- _WHAT YOU ARE ASKED TO DO_
All lines from the one containing "this 960×640 image." down to the one containing "this 500×750 image.", both ends included, are to be given again exactly; omit the rest of the listing below.

*** Opening of INPUT FOR THIS TASK ***

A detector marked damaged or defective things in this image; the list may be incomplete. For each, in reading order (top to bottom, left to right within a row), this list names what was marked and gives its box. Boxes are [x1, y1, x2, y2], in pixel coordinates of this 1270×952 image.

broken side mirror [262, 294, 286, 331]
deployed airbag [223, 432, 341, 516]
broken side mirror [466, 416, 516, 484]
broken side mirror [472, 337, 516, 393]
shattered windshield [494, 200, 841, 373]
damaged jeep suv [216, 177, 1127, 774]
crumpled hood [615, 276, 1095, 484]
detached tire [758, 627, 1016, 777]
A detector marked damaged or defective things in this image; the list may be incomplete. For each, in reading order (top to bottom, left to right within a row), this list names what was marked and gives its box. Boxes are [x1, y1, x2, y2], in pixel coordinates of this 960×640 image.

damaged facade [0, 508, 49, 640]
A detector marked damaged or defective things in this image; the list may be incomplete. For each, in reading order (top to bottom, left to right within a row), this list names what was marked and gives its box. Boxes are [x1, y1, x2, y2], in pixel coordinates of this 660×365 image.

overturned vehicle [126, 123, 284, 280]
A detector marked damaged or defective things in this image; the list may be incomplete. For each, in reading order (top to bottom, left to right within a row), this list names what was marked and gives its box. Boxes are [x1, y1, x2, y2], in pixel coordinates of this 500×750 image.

*** Close of INPUT FOR THIS TASK ***
*** Opening of INPUT FOR THIS TASK ***

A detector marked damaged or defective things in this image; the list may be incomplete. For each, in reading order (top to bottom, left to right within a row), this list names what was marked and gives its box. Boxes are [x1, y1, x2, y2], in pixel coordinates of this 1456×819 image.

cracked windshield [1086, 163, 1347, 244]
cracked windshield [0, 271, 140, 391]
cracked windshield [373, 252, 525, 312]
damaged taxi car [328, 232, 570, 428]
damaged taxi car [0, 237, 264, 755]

*** Close of INPUT FOR THIS TASK ***

- _ANSWER TO THIS TASK_
A detector marked damaged or defective things in this image; the list may be incomplete. For each, in reading order (top to bottom, left to right within a row), this list names what was marked and gives its box. Boxes are [x1, y1, x2, y2], in pixel coordinates of this 960×640 image.

damaged facade [0, 508, 49, 640]
A detector marked damaged or defective things in this image; the list may be incomplete. For each, in reading order (top to bottom, left to right within a row), this list names what was marked and gives its box. Boxes are [x1, y1, x2, y2], in pixel coordinates of this 660×365 image.

overturned vehicle [126, 123, 284, 280]
A detector marked damaged or defective things in this image; the list may be incomplete. For each, in reading order (top to bottom, left to right within a row), this list names what was marked and gives its box. Boxes are [x1, y1, x2, y2], in pixel coordinates of this 500×750 image.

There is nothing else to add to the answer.